Experts voice scepticism over progress at Libya conference
The second international conference on Libya which concluded on Wednesday failed to produce the tangible results needed to establish peace in the North African country, expert have said.
The conference centred on elections scheduled for later this year and the withdrawal of foreign troops and mercenaries from Libya. The final declaration reaffirmed that election must be held by the scheduled date – Dec 24 - and urged the departure of foreign forces and mercenaries "without delay".
Nebahat Taniverdi, a guest researcher at Berlin-based Institute for International and Security Affairs, decried the lack of a binding resolution emerging at the conference.

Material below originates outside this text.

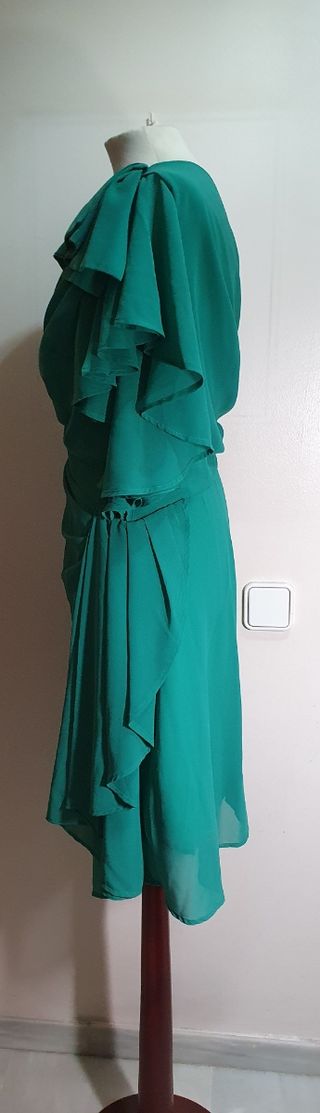 Vestido verde con un hombro al descubierto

Speaking to Anadolu Agency, she suggested this risked turning the elections into an opportunity for Libya's warring sides to establish hegemony over the country's fragile politics, raising the possibility of renewed conflict.
She also urged countries who do not formally acknowledge their presence in the Libya to play an active role in withdrawing fighters they have sponsored.

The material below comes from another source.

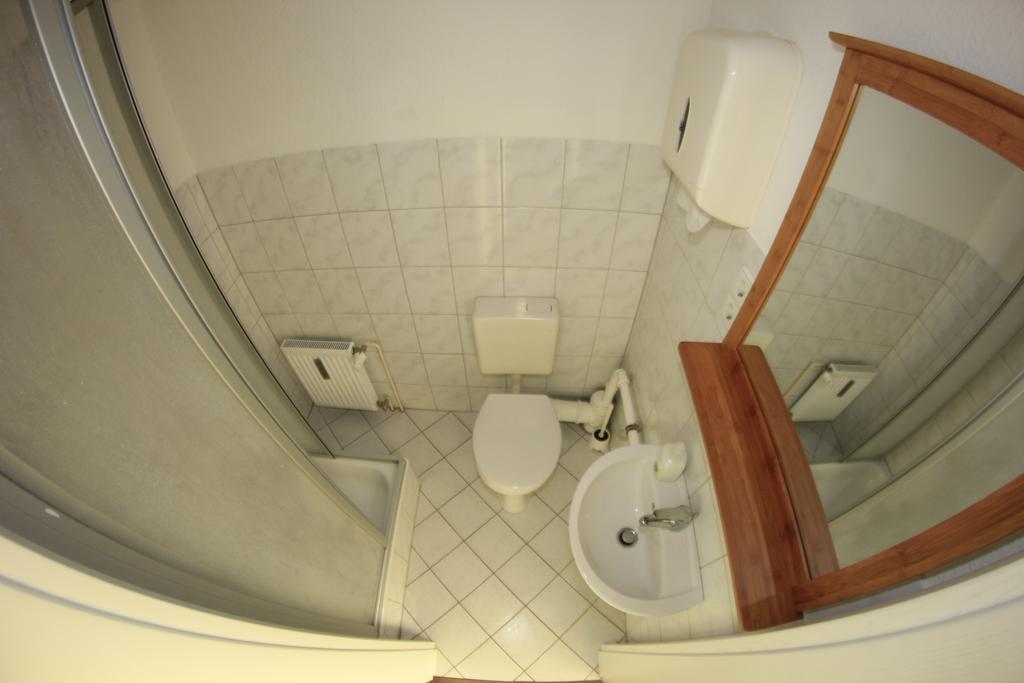Schlafraum Apartment Berlin Bagian luar foto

This includes the UAE, who have sent mercenaries from countries such as Sudan and Chad, as well as Russia, who has sent mercenaries from Wagner - a private military contractor. They joined the fight alongside forces loyal to military strongman Khalifa Haftar, who is backed by Moscow and Abu Dhabi.

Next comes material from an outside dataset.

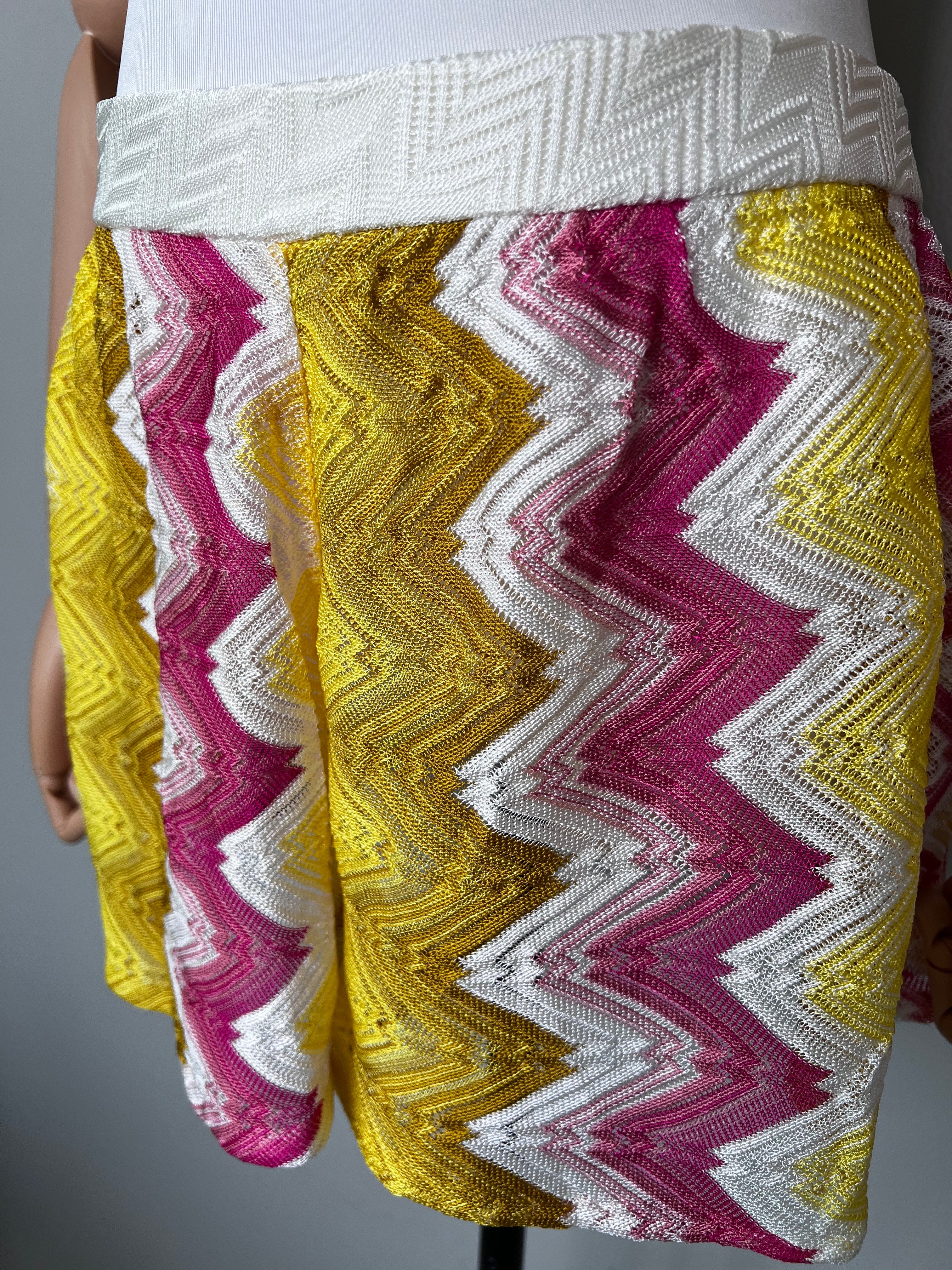 Brand new Missoni mare colorful knit zigzag shorts- Missoni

As for Turkey, its objection to withdrawing forces were because they - according to Ankara's view - were in the country based on a deal struck with the UN-backed Libyan government at the time, Taniverdi explained.
Turkey's intervention is believed to have helped the Tripoli-based Government of National Accord (GNA) to turn the tide of conflict in Libya, repelling Haftar's campaign to take seize the capital.
That led to a ceasefire between the rival governments in October, with the security situation in Libya improving gradually since then. The two administrations folded with the formation of the country’s current Government of National Unity (GNU) through a UN-backed process in March.
Taniverdi said that since Turkey's objection to end its military presence and activities was, in its view, based on "legitimacy and legal responsibility", it was unfortunate that the issue was "not evaluated under a separate heading in the final declaration in the Berlin conference".
Taking a more critical line was Ahmed Sewelhi, a Libyan political analyst and activist. He said the conference failed address an issue more pressing than the election: that of accountability.
"Nobody has actually done anything about” holding perpetrators of suspected war crimes to account, he said. Haftar and his forces have been accused of multiple war crimes throughout Libya's conflict.
"How can we believe that those who do nothing about accountability want to do something for elections?"
His comments mirrored those of Lawyer for Justice in Libya, who prior to the conference urged all those "to prioritise human rights, accountability and the rule of law".
The NGO said in a press release that while there have been positive developments after last year's gathering in the German capital, it is worried these might not last.
"Gross human rights violations and serious international crimes such as torture, enforced disappearances… and [the] trafficking and smuggling of migrants... continue to be committed throughout the country," it added.
Quoted by Anadolu, Sewelhi pointed to the contradiction of autocratic regimes calling for and guiding Libya's elections, such as Egypt.
He also decried it as "shameful" that Turkey was being asked to end its military presence by countries that refused to recognise their own presence in the country, describing how Russia's Wagner mercenaries occupied large territories and cities in Libya, including oil facilities and ports surrounding Sirte.
"This is a shame and that's why I don't take Berlin seriously at all. If this conference can't name who the forces in Libya are, how can they ask them to leave?" he said.